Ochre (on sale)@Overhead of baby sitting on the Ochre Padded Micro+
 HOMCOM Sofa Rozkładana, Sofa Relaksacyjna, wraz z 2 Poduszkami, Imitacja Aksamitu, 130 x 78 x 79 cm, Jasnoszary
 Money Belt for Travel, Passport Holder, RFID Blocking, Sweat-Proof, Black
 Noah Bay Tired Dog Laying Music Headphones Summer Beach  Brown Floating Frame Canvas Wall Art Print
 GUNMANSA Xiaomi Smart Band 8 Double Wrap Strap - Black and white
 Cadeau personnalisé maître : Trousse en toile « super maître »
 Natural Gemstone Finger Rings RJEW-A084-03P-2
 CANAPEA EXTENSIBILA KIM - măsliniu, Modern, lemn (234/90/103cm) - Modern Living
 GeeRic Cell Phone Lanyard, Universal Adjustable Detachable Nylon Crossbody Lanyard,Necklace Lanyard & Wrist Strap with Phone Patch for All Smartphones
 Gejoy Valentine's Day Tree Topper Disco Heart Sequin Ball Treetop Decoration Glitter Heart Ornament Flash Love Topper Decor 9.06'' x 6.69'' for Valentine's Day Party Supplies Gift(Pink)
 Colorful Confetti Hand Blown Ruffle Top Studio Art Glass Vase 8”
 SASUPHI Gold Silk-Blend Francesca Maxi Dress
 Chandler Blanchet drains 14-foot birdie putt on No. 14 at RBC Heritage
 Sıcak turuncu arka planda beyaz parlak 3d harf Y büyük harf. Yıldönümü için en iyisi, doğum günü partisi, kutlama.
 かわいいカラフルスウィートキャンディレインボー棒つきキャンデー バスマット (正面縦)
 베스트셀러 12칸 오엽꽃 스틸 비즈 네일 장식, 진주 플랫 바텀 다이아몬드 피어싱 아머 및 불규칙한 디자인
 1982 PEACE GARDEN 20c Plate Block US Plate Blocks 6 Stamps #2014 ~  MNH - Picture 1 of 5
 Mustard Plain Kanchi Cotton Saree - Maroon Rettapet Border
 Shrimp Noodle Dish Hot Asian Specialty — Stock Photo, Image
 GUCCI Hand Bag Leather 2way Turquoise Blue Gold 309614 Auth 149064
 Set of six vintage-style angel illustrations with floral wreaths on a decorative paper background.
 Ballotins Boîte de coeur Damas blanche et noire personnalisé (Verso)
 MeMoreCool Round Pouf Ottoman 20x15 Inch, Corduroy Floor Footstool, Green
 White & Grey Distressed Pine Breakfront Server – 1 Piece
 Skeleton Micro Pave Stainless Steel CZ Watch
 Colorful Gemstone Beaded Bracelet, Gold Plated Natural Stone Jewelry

··········

- [TASK INSTRUCTIONS] Only lines that hold the string "Gold" belong in the answer, so copy every one of them from the records.

- [TASK ANSWER]
 SASUPHI Gold Silk-Blend Francesca Maxi Dress
 GUCCI Hand Bag Leather 2way Turquoise Blue Gold 309614 Auth 149064
 Colorful Gemstone Beaded Bracelet, Gold Plated Natural Stone Jewelry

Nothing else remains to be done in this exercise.